How about another one–loops_per_jiffy, which is calculated early in the boot process and is used as the basis for the infamous “BogoMips” value?

 (gdb) p loops_per_jiffy
$2 = 1994923
(gdb)

And there you have it. Most developers are used to invoking gdb on a user space executable and its corresponding core file. In a sense, that’s exactly what we’re doing above — invoking it on an executable (vmlinux) and its corresponding core file, which is supplied via /proc/kcore. Trivial, no?

And That’s It?

Of course not. So here’s what you need to remember when debugging your running kernel with gdb:

  • Your vmlinux file must match your running kernel, or symbols and addresses won’t match and you’ll get garbage during your gdb session. So after you build your new kernel, don’t forget to reboot to it.
  • The values displayed will represent what they were at the time of invoking gdb, so if you print the contents of, say, jiffies or jiffies_64 again during that same debugging session, it will be exactly the same, over and over.

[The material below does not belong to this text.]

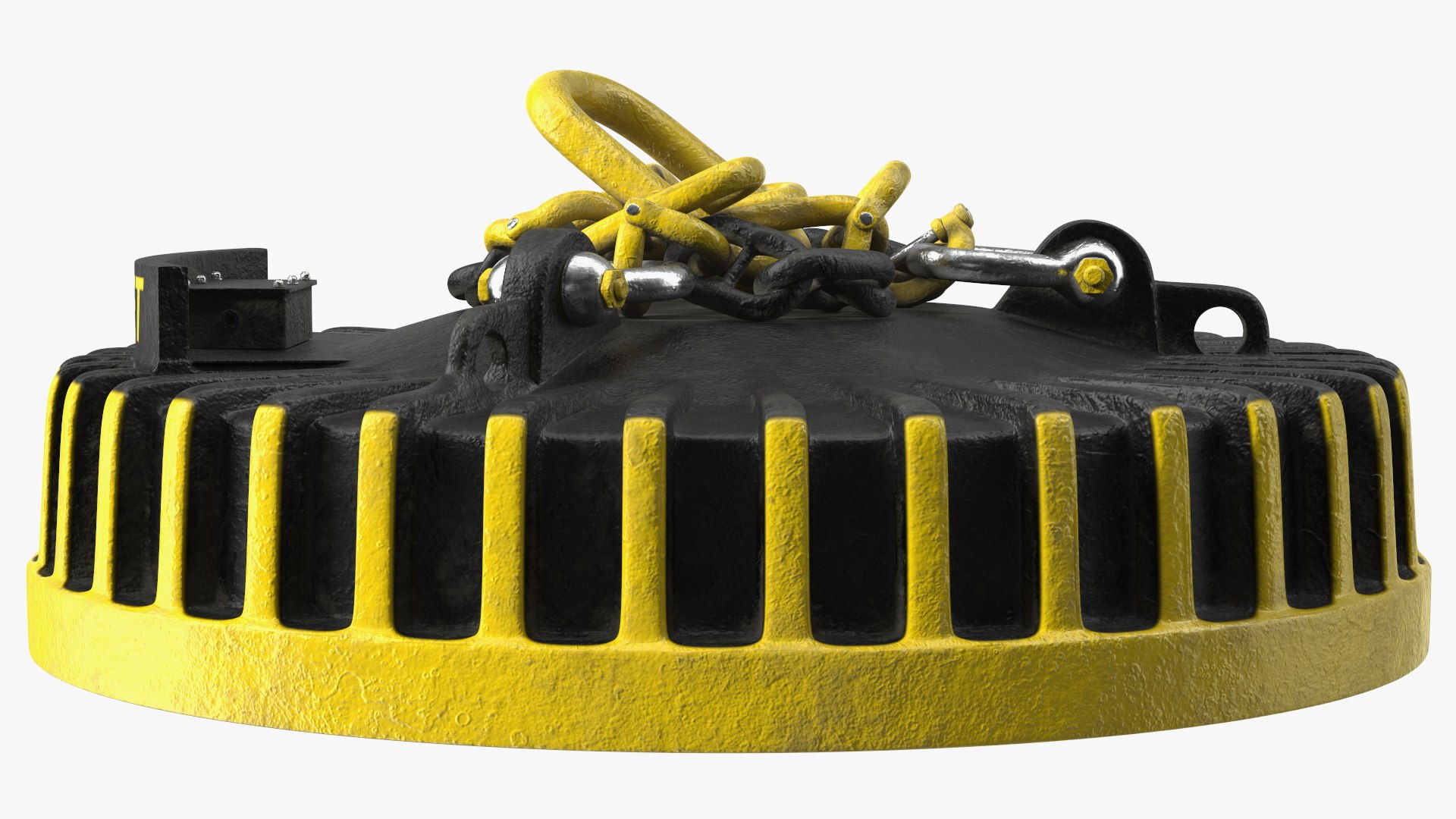 3D Lifting Industrial Electromagnet https://p.turbosquid.com/ts-thumb/6l/THVBhQ/p9/liftingindustrialelectromagnetvray3dmodel009/jpg/1640721958/1920x1080/fit_q87/848dc5080df279ab2e0704271089a88d4cce5004/liftingindustrialelectromagnetvray3dmodel009.jpg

To refresh the core file contents, you need to run:
     (gdb) core-file /proc/kcore 

    every time you want updated values. (That won’t make any difference to the value of loops_per_jiffy, which is calculated early and never changes until another reboot.)

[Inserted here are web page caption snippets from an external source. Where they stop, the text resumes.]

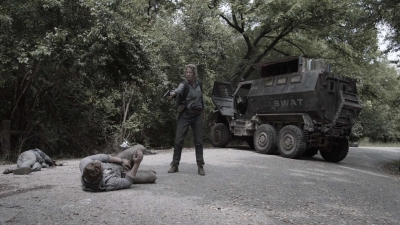 ftwd412_1412.jpg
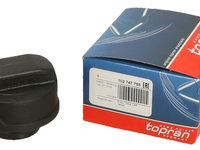 Buson Rezervor Topran Seat Cordoba 1993-1999 102 747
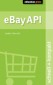 eBay API
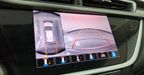 Buick Encore 1.3 LEATHER AUTO Suv 2020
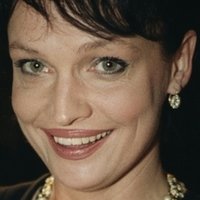 Adrianna Biedrzynska Nøgen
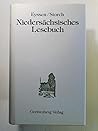 Niedersächsisches Lesebuch (German Edition)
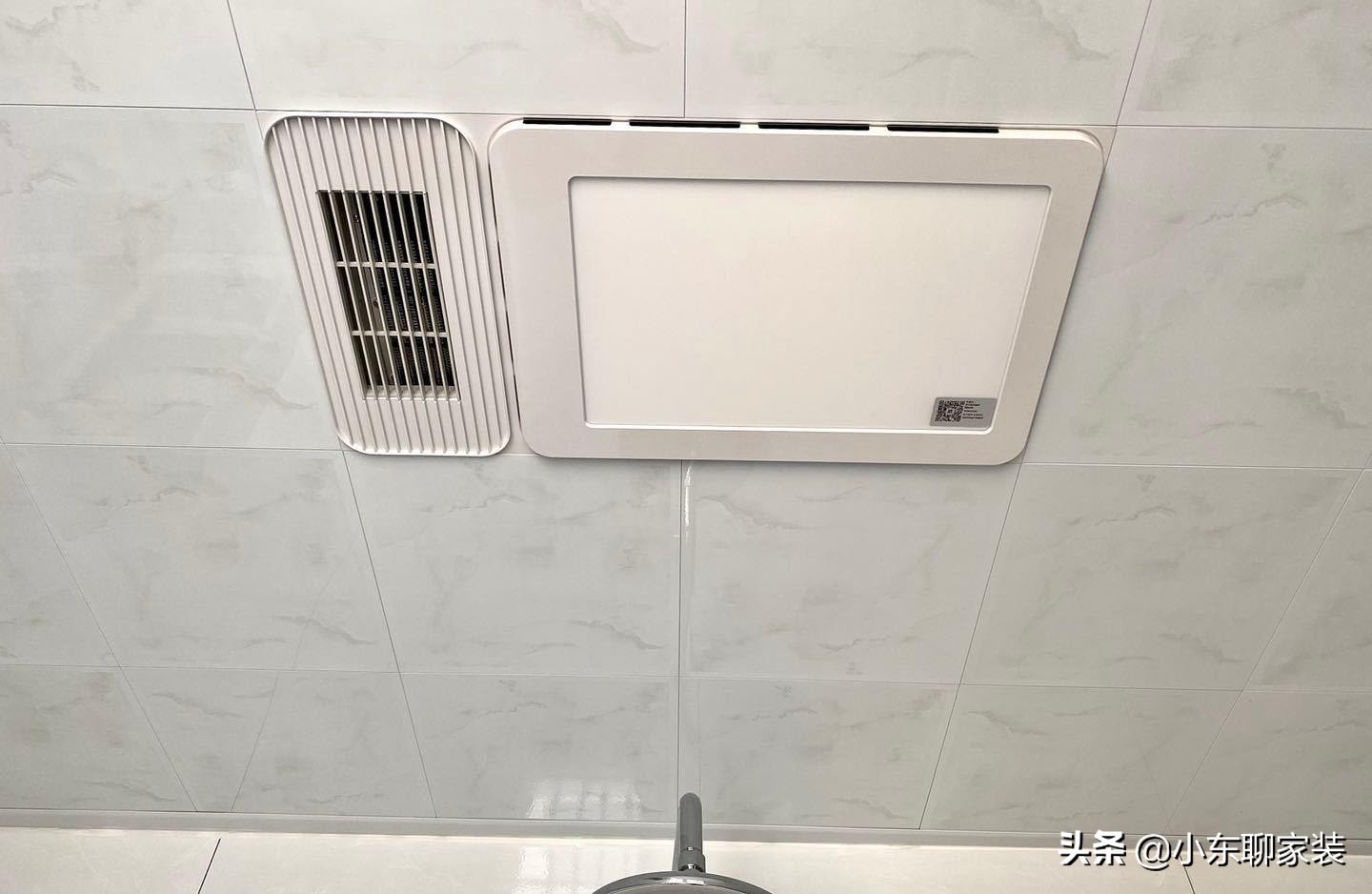 家庭装修材料成本节省,装修花钱最少又大气的用什么材料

  • Unlike a loadable module, which has access to only those kernel symbols that were explicitly EXPORTed, your gdb session has access to all kernel symbols, even those declared as “static”. For example, consider the following definition from the kernel source file fs/char_dev.c:
     static struct kobj_map *cdev_map; 

    Clearly, cdev_map has static linkage and is completely inaccessible to any loaded module. But your gdb session can see it just fine:

     (gdb) p cdev_map
    $1 = (struct kobj_map *) 0xffff88011b878000
    (gdb)

    This is an amazingly handy feature.

  • Finally, you can examine the available symbols in kernel space by simply perusing the /proc/kallsyms kernel symbols file, as in:

     $ grep loops_per_jiffy /proc/kallsyms
    ffffffff815968e0 r __ksymtab_loops_per_jiffy
    ffffffff815aa295 r __kstrtab_loops_per_jiffy
    ffffffff815f0420 D loops_per_jiffy
    $ grep cdev_map /proc/kallsyms (even the static symbols)
    ffffffff818c25e8 b cdev_map
    $

But wait. There’s so much more. Because here’s where it gets interesting.

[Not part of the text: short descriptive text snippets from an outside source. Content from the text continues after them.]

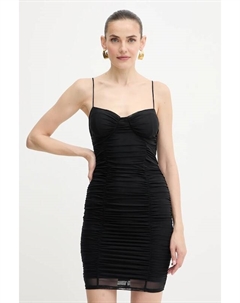 Платье CALLIE, черный Guess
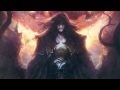 Castlevania Lords of Shadow 2 - Official Soundtrack - The Titan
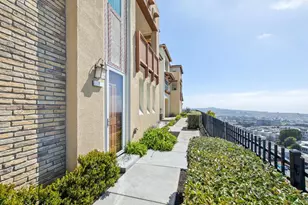 3001 Ocean View Ct E, Daly City, CA 94014 - Photo 3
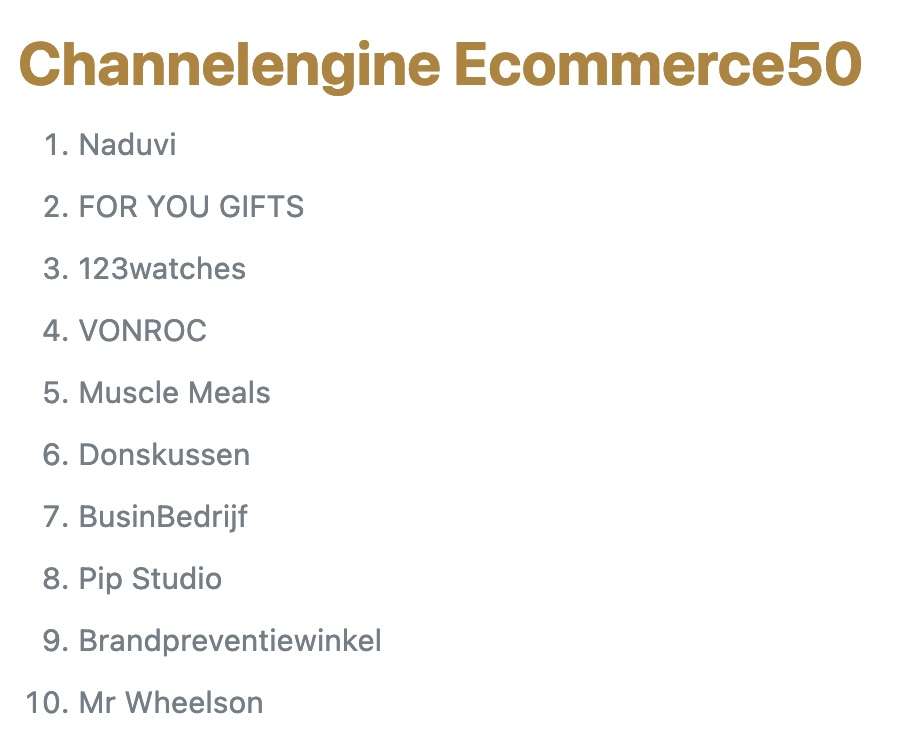 shopping-awards-ecommerce50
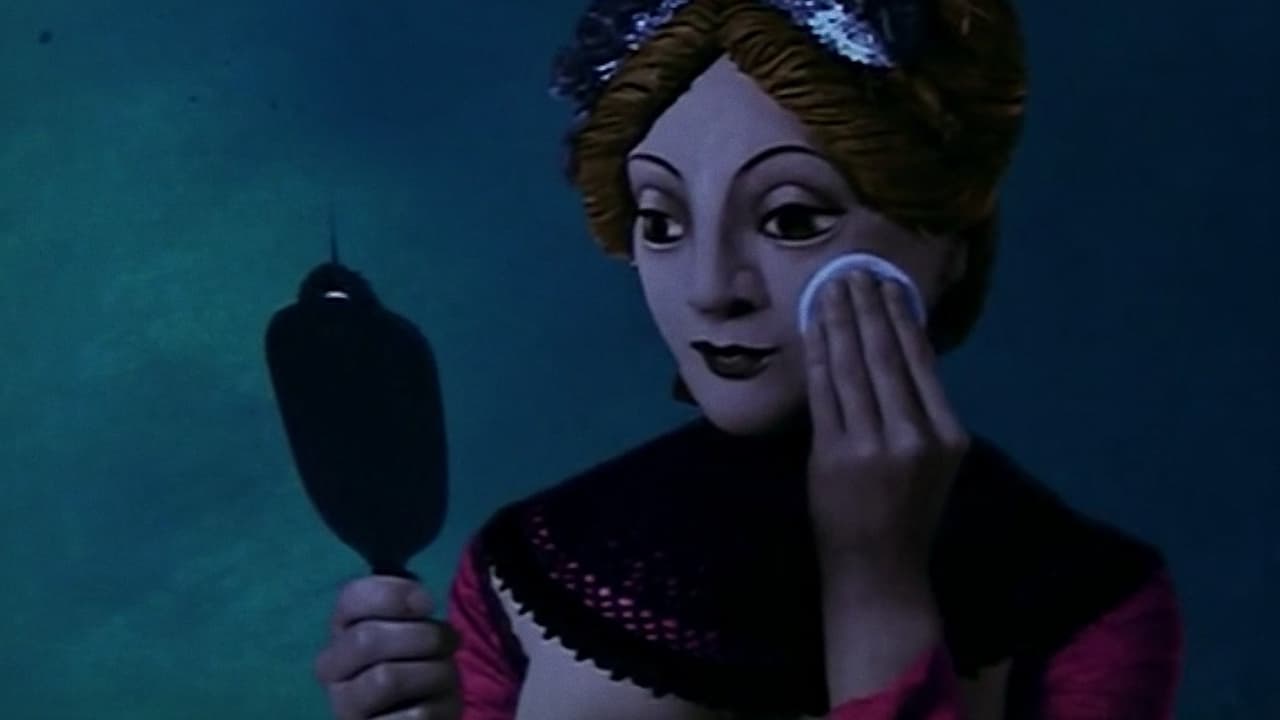 Ночные бабочки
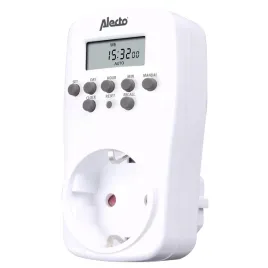 cyfrowy-timer-programator-czasowy-do-gniazdka-auto-wlaczanie-wylaczanie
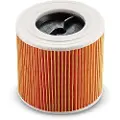 Kärcher Motorfilter KÄRCHER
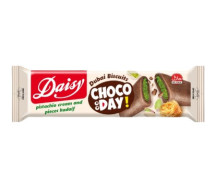 Daisy Choco Day 50g DUBAI (24)
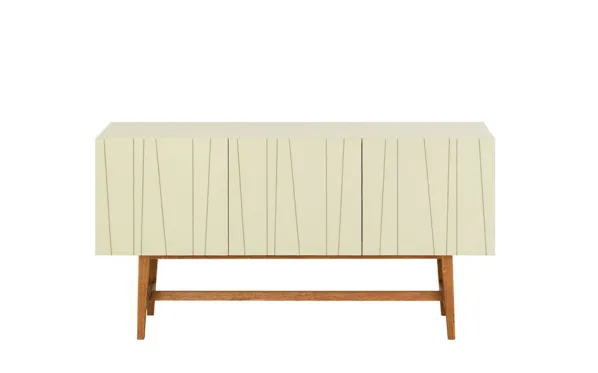 Vass Sideboard V40:135ST
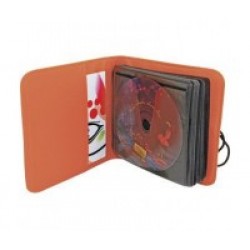 CD-холдеры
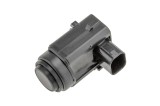 Senzor parcare Chrysler 300c, 300c Touring 2004-, NTY EPDC-CH-001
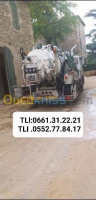 nettoyage-jardinage-camion-debouchage-canalisation-curage-birtouta-alger-algerie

So What About Loadable Modules?

Once you realize that you can examine the values of symbols in the kernel symbol table from user space, it should be easy to see that you can just as conveniently examine some of the values in your loadable (and loaded) modules. After all, once you load a module, it’s running in kernel space so it should be just as accessible to a gdb session as everything else.

Consider the following loadable module (in the source file gdb1.c) that we’re going to load and examine (we won’t bother defining any “static” symbols from here on since everything that follows will apply equally to such symbols):

 #include <linux/module.h>
#include <linux/init.h>
#include <linux/kernel.h>

int rday_1;
int rday_2 = 20;
int rday_3 = 30;

EXPORT_SYMBOL(rday_3);

static int __init hi(void)
{
printk(KERN_INFO "Module gdb1 being loaded.n");
return 0;
}

static void __exit bye(void)
{
printk(KERN_INFO "Module gdb1 being unloaded.n");
}

module_init(hi);
module_exit(bye);

MODULE_LICENSE("GPL");
MODULE_DESCRIPTION("Module debugging with gdb.");

What we’ve done above is define a number of “rday”-prefixed module variables so you can verify that you can examine all of them equally well. Let’s use some of the tricks we learned last week to first examine the module’s symbol table:

 $ nm gdb1.ko
0000000000000000 r __kstrtab_rday_3
0000000000000000 r __ksymtab_rday_3
0000000000000000 r __mod_description27
0000000000000028 r __mod_license26
0000000000000040 r __mod_srcversion23
0000000000000080 r __mod_vermagic5
0000000000000068 r __module_depends
0000000000000000 D __this_module
0000000000000000 t bye
0000000000000000 T cleanup_module
0000000000000000 t hi
0000000000000000 T init_module
U mcount
U printk
0000000000000000 B rday_1
0000000000000000 D rday_2
0000000000000004 D rday_3

Note that, predictably, the uninitialized variable rday_1 ended up in the BSS section, while the initialized ones ended up in the data section. Just an observation.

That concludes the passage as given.